[Exercise] Starting at the line that contains "vidaXL Garten Essgruppe", please transcribe every line through the end of the entries, exactly and with no pictures.

[Crawled caption data]

******

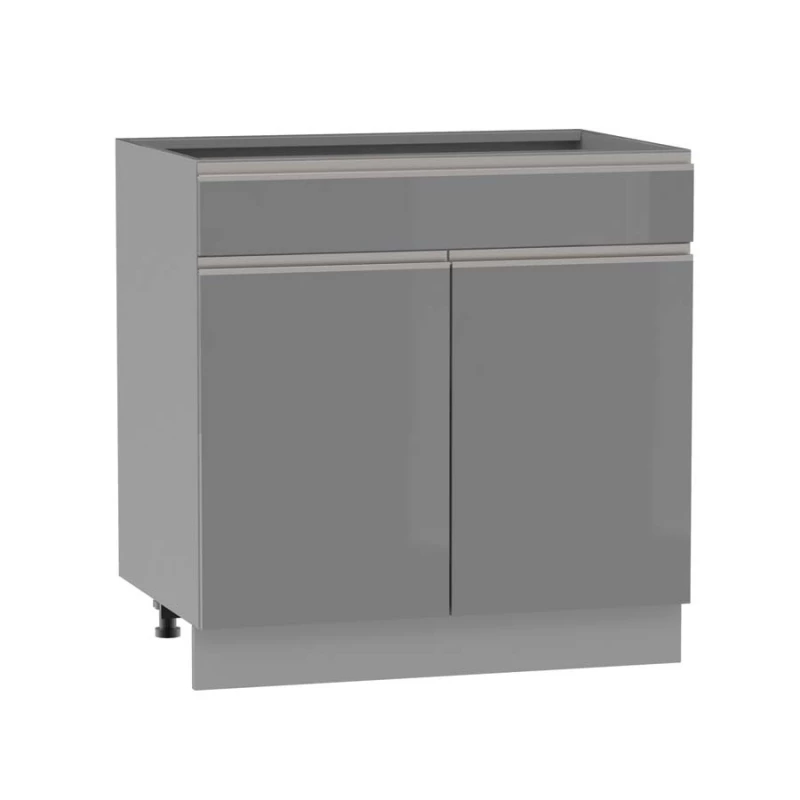 Kombinált alsószekrény ADAMA - szélesség 80 cm, fényes szürke/szürke, 15 cm lábak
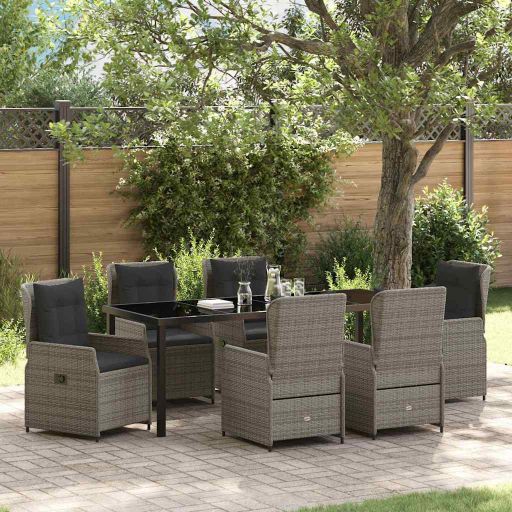 vidaXL Garten Essgruppe 3 pcs Schwarz Poly-Rattan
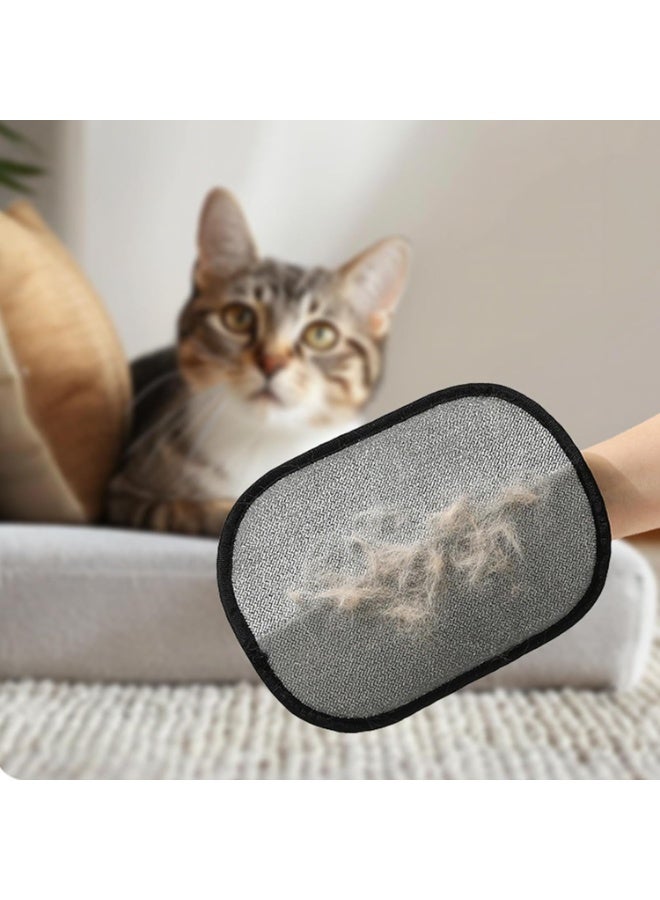 2PCS Pet Hair Removal Gloves, Electrostatic Reusable Double-sided for Short & Long Hair Dogs Cats Grooming & Bathing - Image 4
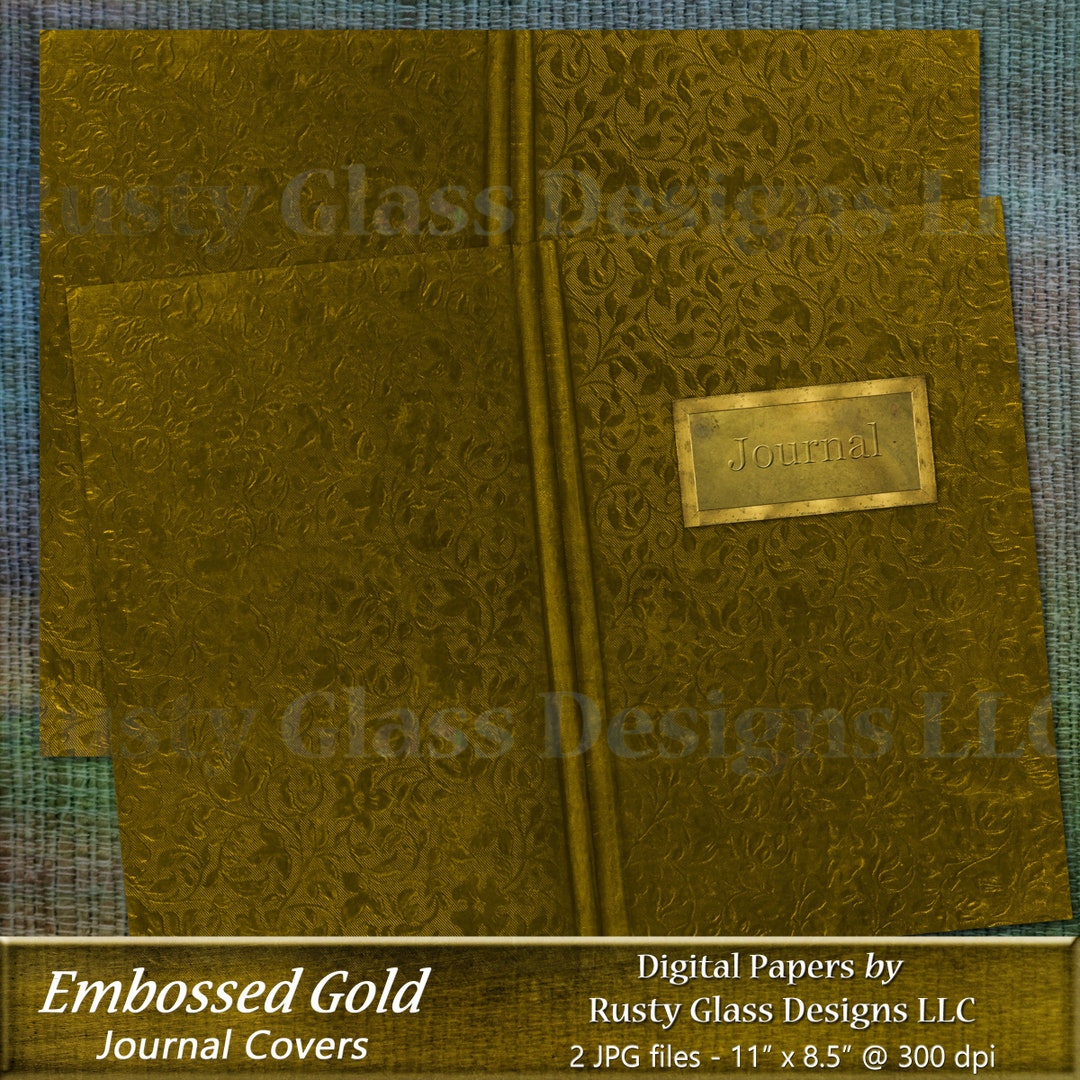 Printable Journal Covers, Embossed Gold Junk Journal Covers, Printable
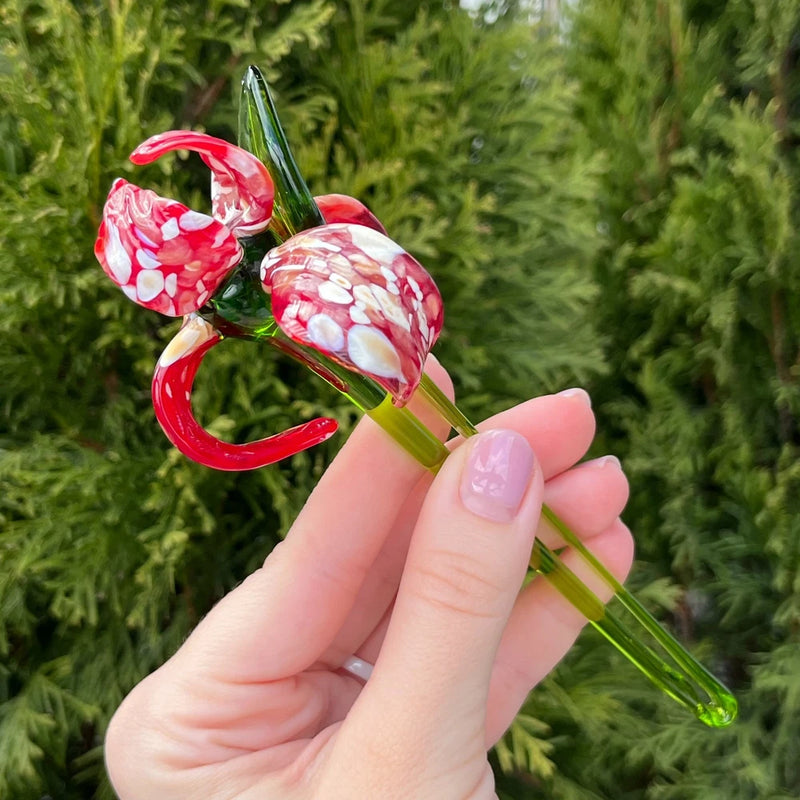 Red White Glass Iris Flower Hand Blown Art Glass Long Stem Floral Decor Gift Model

******

[Answer space]
 vidaXL Garten Essgruppe 3 pcs Schwarz Poly-Rattan
 2PCS Pet Hair Removal Gloves, Electrostatic Reusable Double-sided for Short & Long Hair Dogs Cats Grooming & Bathing - Image 4
 Printable Journal Covers, Embossed Gold Junk Journal Covers, Printable
 Red White Glass Iris Flower Hand Blown Art Glass Long Stem Floral Decor Gift Model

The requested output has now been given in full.